For a long time, Schulz says, the fish was not consistent enough for a German discounter. "We need a stabile product," he says, "and that also applies to price." In other words, his company is looking for a fish that looks and tastes the same -- and costs the same -- 365 days a year. "We have this type of product now, an honest product," he says, referring to Pangasius and the fact that it is raised in water with no additives. It has no agents that make it absorb more water. It's all natural. It meets Greenpeace standards. And it comes in 500-gram (a little more than one pound) bags. "It's a beautiful bag," says Schulz.
Aldi's Aldi-South division has already tested Pangasius in some of its stores, "and customers want it," says Schulz. The fish, he says, is now ready -- ready for discounters, for Aldi and for the world. In that world, the borders are no longer an issue; but protection has vanished, too.

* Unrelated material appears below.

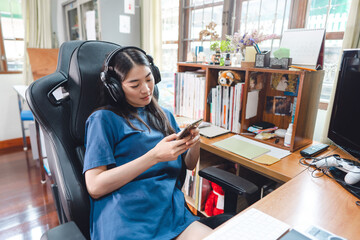 Portrait of beautiful young adult asian gamer woman hand sitting on gaming chair wear headset © dodotone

There is no longer any protection for fishermen like Ky Anh, who used to get eight cents for 100 grams of Pangasius. Today he earns six cents per 100 grams, which isn't enough to make farming the fish worth his while. Six cents for 100 grams. This is too little to guarantee the survival of the Pangasius, a species once lauded as the fish of the future.
But this is only one way of looking at the world. Another view is part of Michael Schulz's calculations.
If all goes according to plan, in 2009, Aldi will begin selling 500-gram bags of Pangasius in all of its German stores. Each bag will contain three to five fillets, which, with a 5 percent water content, comes to 475 grams of fish. A bag will cost €3.49 ($4.47), says Schulz.
That comes to retail price of 74 cents per 100 grams, or 25 cents less than the price of Pangasius at Manuela Wendland's fresh food counter.